Depois de seguir pela Leste-Oeste, passar pela Barra do Ceará, a cidade começa a ficar estranha para mim. Não conheço mais os bairros, nem muito menos as ruas. Tudo fica diferente, até o cheiro da cidade vai mudando. Chegamos ao terminal do Antônio Bezerra. A frota de passageiros se renova. E continuamos seguindo viagem.

“Eu gosto mesmo é de dirigir ônibus, apesar de mais cansativo. Durante dois anos dirigi caminhão, na estrada. Era uma maravilha em relação ao sossego da estrada. Mas é muito perigoso. Já vi acidentes graves na estrada. Os acidentes dentro da cidade com os ônibus são simples, geralmente sem vítimas. Na estrada, são bem mais graves, quase sempre com vítimas fatais.” As histórias vão rolando enquanto cruzamos a cidade rumo ao terminal do Siqueira. Já desconheço totalmente o trajeto. Um de meus amigos já dorme em sono profundo. O outro, conversa com Gil, lá trás do ônibus.

“Com esse prego, atrasaram meus horários. Geralmente temos meia hora no terminal do Siqueira, mas hoje com essa chuva e esse prego, tomamos um café em dez minutos e seguimos” Ótimo, acompanho você. No Siqueira, pouco movimento. Não sei que horas eram. Um cheiro de pão fresquinho sugere um ótimo acompanhamento ao café. Descemos e, conversando, tomamos um café no quiosque do terminal do Siqueira.

“Na estrada não tem o trânsito, mas a gente dirige muito mais tempo também. Tinha épocas em que eu fazia viagens para Teresina de noite, passava o dia descarregando o material lá da empresa e voltava na noite seguinte. Sozinho, umas 10 horas de viagem seguidas, sem dormir, em cada trecho. E eu nunca tomei nada dessas coisas pra ficar acordado” Compro um pãozinho para o meu amigo que dorme, ainda dentro do ônibus. “Vamos lá que já está na nossa hora”. Seguimos para o terminal da Messejana.

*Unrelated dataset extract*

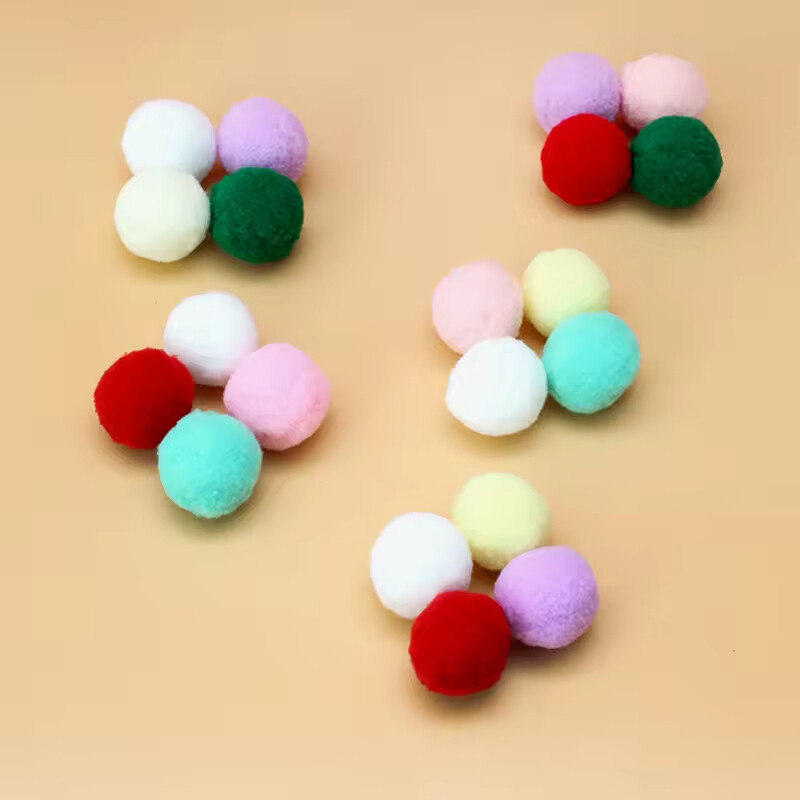 Manufacturer Wholesale Cat Teasing Stick Elastic Plush Ball Cat Plush Toy Ball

O fluxo já é bem inferior que o início da viagem, apesar de quase amanhecer. Passamos pelo terminal da Messejana. Ninguém sobe, ninguém desce. “O próximo já é o do Papicu”.

Quatro e cinqüenta. Chegamos no terminal do Papicu de volta. “Raquel, me dá o site de vocês porque minha filha às vezes olha. Tanto a historiadora como a engenheira gostam muito de ler”.

Mônica já não estava mais por lá.

1 Comentários

Anonymous Anônimo said...

Muito bom! Senti como se estivesse dento do busão com vocêis, e uma puta curiosidade de conhecer os becos mais escondidos de Fortaleza. Aê Raquel, se vier até Goiânia, não deixe de fazer um tour pelo nosso corujão, garanto uma ótima experiência. Até mais!